NORTH ANDOVER — Have you ever thought about visiting all 351 of Massachusetts’ cities and towns?
Pete and Debbie Lincoln, retired teachers from Lunenburg, not only thought about it, they actually did it and have shared their experiences with audiences throughout the state. Last night at the Stevens Memorial Library, it was North Andover’s turn to hear about their journey, which took them 7 1/2 months.
They didn’t just show up in each town and say, “We’ve been to Sudbury” or wherever. They took pictures of each other with signs proving that they’d actually visited a particular town or city. They also compiled a wealth of information and little-known facts about the state’s diverse communities, which range from Gosnold, boasting a population of 52 according to the 2010 Census, to Boston, claiming more than 600,000 residents.
The Lincolns ended up with more than 700 photographs and estimated they drove about 8,000 miles.
Both demonstrated their dramatic flair in their pictures.
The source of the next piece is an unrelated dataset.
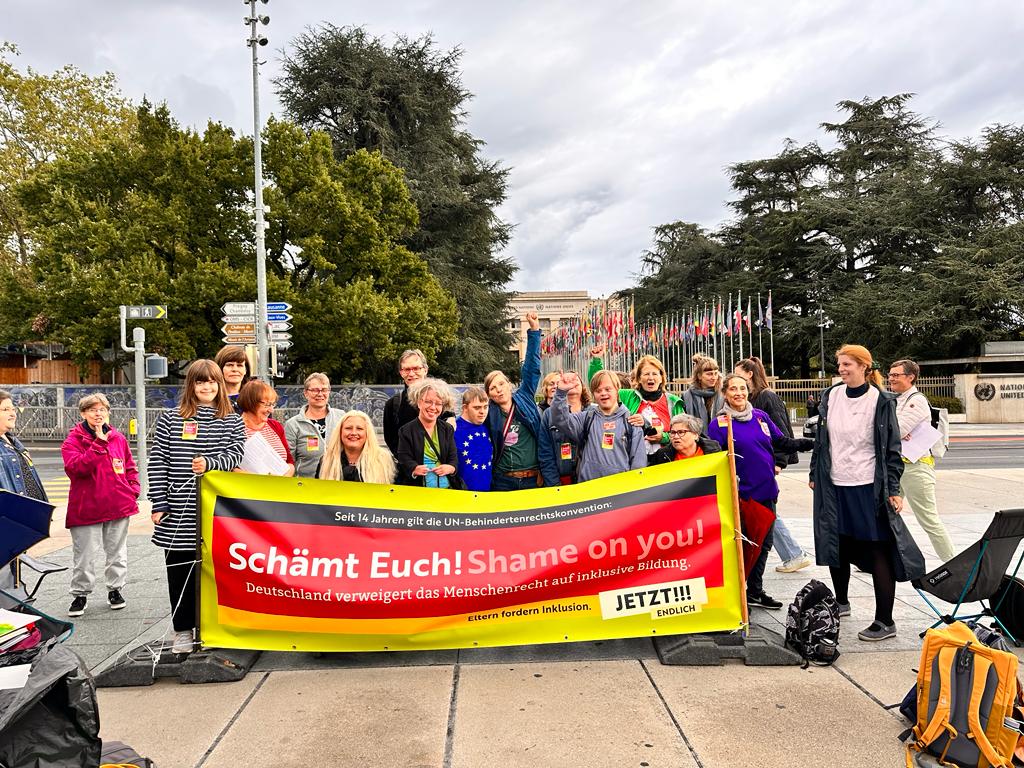 Eine Gruppe von Menschen steht hinter einem großen schwarz-rot-gelben Banner mit der Aufschrift: "Seit 14 Jahren gilt die UN-Behindertenrechtskonvention: Schämt Euch! Shame on you! Deutschland verweigert das Menschenrecht auf inklusive Bildung. Eltern fordern Inklusion. Jetzt endlich!" Im Hintergrund sieht man den Uno-Hauptsitz in Genf.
When they were photographed in front of a library, one of them would usually be shown reading a book. Pete is posed in front of the Wakefield Bowladrome, ready to hurl a strike.
They often posed in front of “Welcome to” signs.
“Does North Andover have a Welcome to North Andover sign?” Debbie asked. They didn’t find one when they visited this community, she said. People in the audience assured the Lincolns that a sign welcoming people to North Andover is situated in the downtown.
Massachusetts used to have 355 cities and towns, but that changed in the late 1930s, when the Quabbin Reservoir was dug so people in the Boston area would have enough water. The towns of Prescott, Dana, Greenwich and Enfield were disincorporated and submerged.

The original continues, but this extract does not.